A slow ache fell through him to his feet. He could not bear to be alone in his room. He went out to a bar, and almost before he knew what he was doing, had two ryes and then a third. In the mirror behind the bar, he saw himself glance at his sunburnt face, and it struck him that his eyes looked dishonest and furtive. Bruno had done it. It came thundering down with a weight that left no possibility of doubt any longer, like a cataclysm that only a madman’s unreason could have kept suspended all this while. He glanced about in the little bar as if he expected the walls to topple down on him. Bruno had done it. There was no mistaking Bruno’s personal pride in his, Guy’s, freedom now. Or the P. S. Or possibly even the trip to Haiti. But what did Bruno mean? Guy scowled at the face in the mirror and dropped his eyes, looked down at his hands, the front of his tweed jacket, his flannel trousers, and it flashed through his mind he had put these clothes on this morning as a certain person and that he would take them off tonight as another person, the person he would be from now on. He knew now. This was an instant—He could not say just what was happening, but he felt his entire life would be different, must be different, from now on.
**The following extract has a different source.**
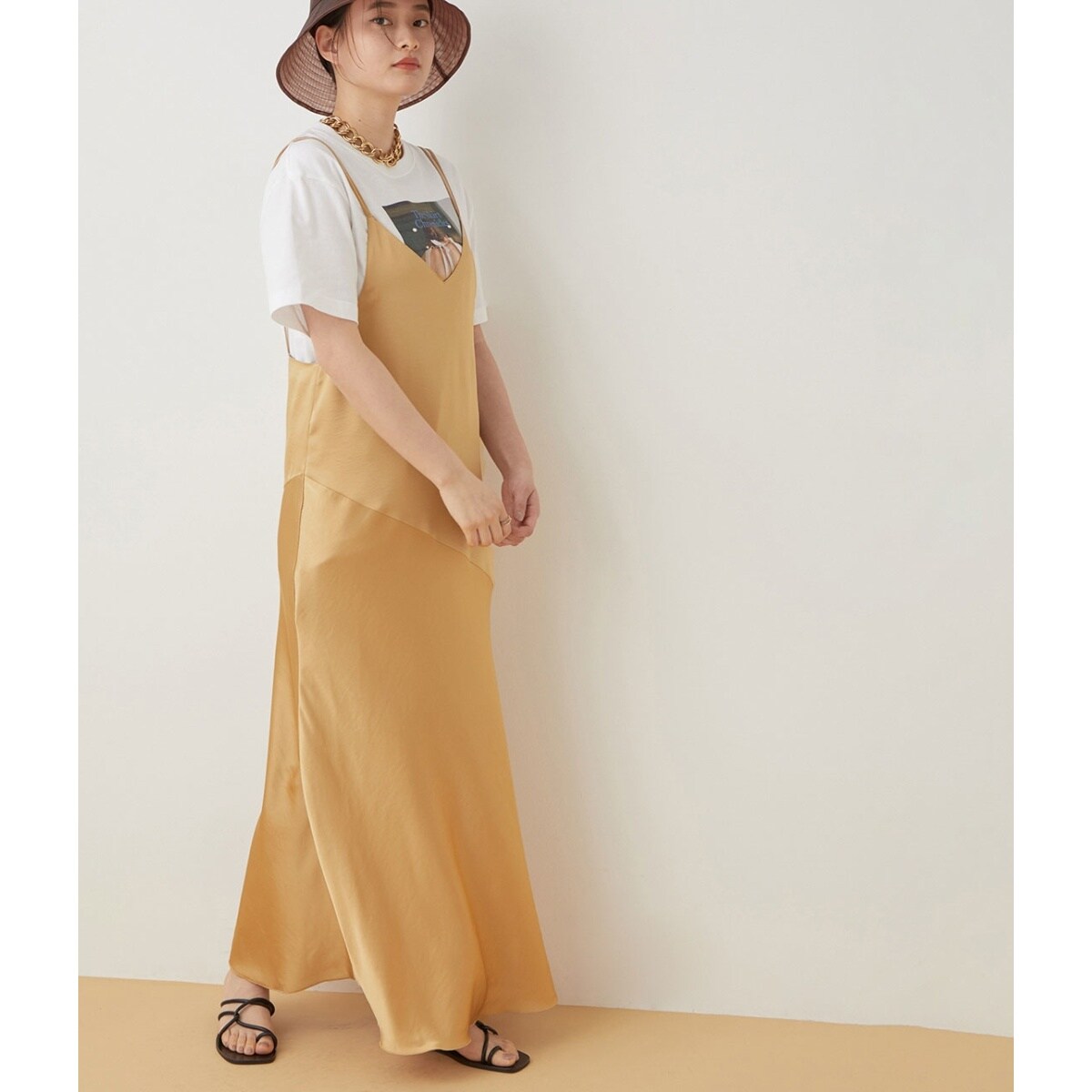 【タグ付き・新品未使用品】アダムエロペ　サテンキャミソールワンピース トリアセサテンキャミワンピース | アダムエロペ(ADAM ET ROPE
If he knew Bruno had done it, why didn’t he turn him in? What did he feel about Bruno besides hatred and disgust? Was he afraid? Guy didn’t clearly know.

He resisted an impulse to telephone Anne until it was too late, and finally, at three in the morning, could resist no longer. Lying on his bed in the darkness, he talked to her very calmly, about commonplace matters, and once he even laughed. Even Anne did not notice anything wrong, he thought when he had hung up. He felt somehow slighted, and vaguely alarmed.

His mother wrote that the man who had called while he was in Mexico, and said his name was Phil, had called again to ask how he might reach him. She was worried that it might have something to do with Miriam, and wondered if she should tell the police.

Guy wrote back to her: “I found out who the annoying telephoner was. Phil Johnson, a fellow I knew in Chicago.”